The obvious advantage of a side-arm pitcher is the funk; it’s tough for hitters to pick up a low slot that they aren’t used to. In addition to command challenges, the unique angle of a sidearm or submarine pitcher often brings on a corresponding loss in velocity–but not in Justin Lawrence’s case. He pitches from a true side-arm slot, pumping gas up to 98 mph that feels like it’s coming straight at the ear of a right-handed hitter. Needless to say, it’s an uncomfortable at-bat.
The fastball movement was downward, and in my two April looks, Lawrence beat lefties with the heater on the outer-third of the plate. He isn’t pinpoint to spots within the zone, but his velocity, angle, and movement are enough to give him some breathing room in the command department. His fastball plays as plus, with 70 velocity, 60 movement, and 45 command.
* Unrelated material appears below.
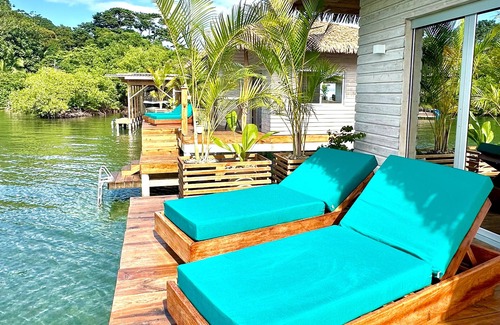 Isla Solarte House | Ocean Breeze Over Water Bungalow, 1 Bedroom, 1 Kingbed, 1 Living Room, 1 Kitchen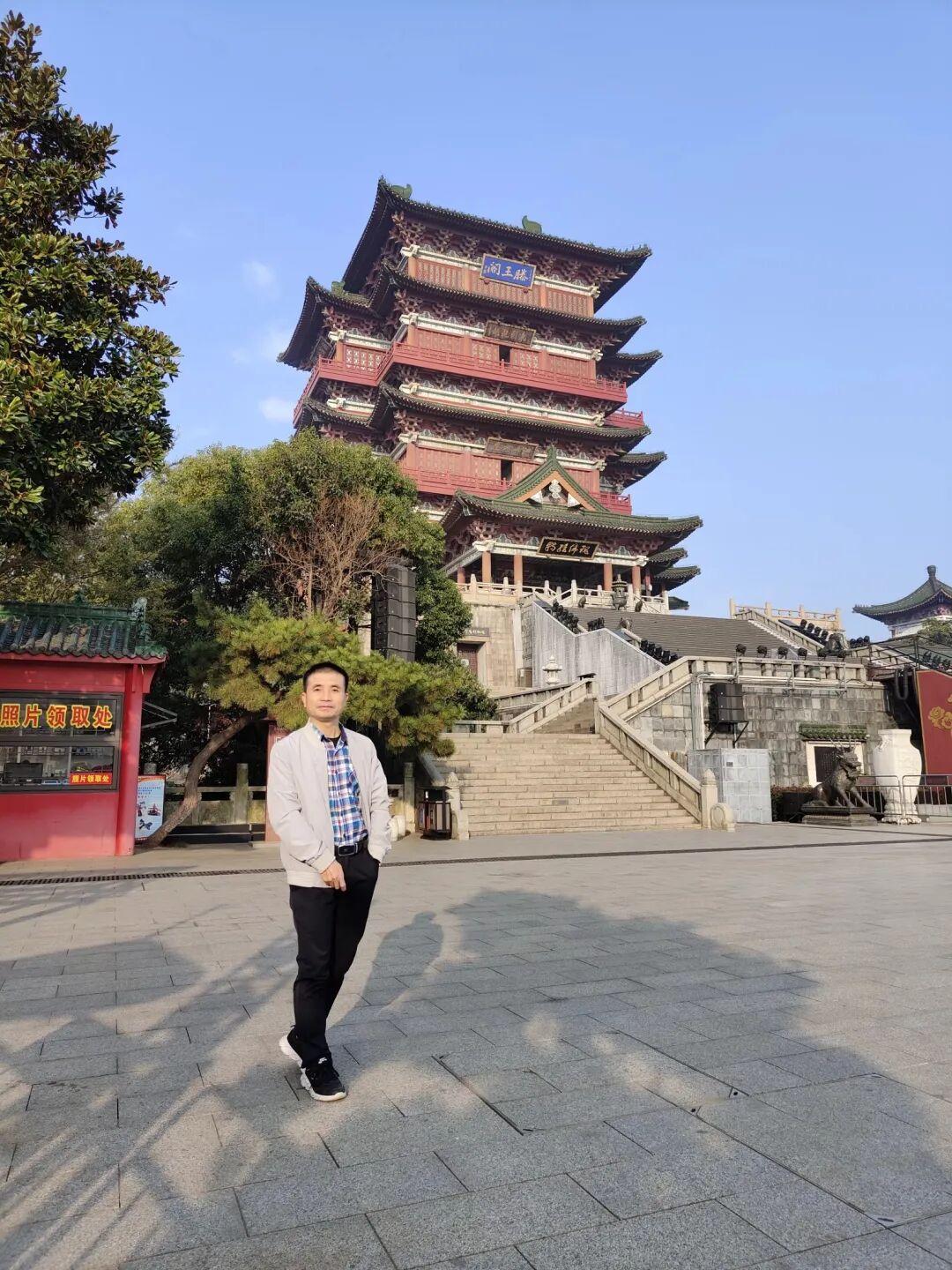 滕王阁照梁思成草图重建、黄鹤楼搬走一公里没留图纸:国庆登江南三大名楼,先分清三座楼各自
An 87-to-91 mph splitter dominates A-Ball hitters playing off his fastball, as he’s able to release it through the same tunnel and generate separation and finish on the pitch down in the zone. Lawrence’s splitter is more a chase pitch than one he lands for early-count strikes; how well he’s able to incorporate secondary pitches such that better hitters can’t just sit fastball is the biggest determinant to Lawrence reaching his ceiling. So long as he’s able to keep it around the plate with more frequency as he gains polish and pro experience, the split can give him a big league caliber off-speed pitch to get swings and misses.
Lawrence could go to Denver right now and ROOGY on the strength of his fastball, presenting a high floor for an unheralded 12th-rounder out of Daytona State. The splitter’s consistency should take a step forward, giving the ceiling of a setup man that’s able to pitch in high-leverage innings.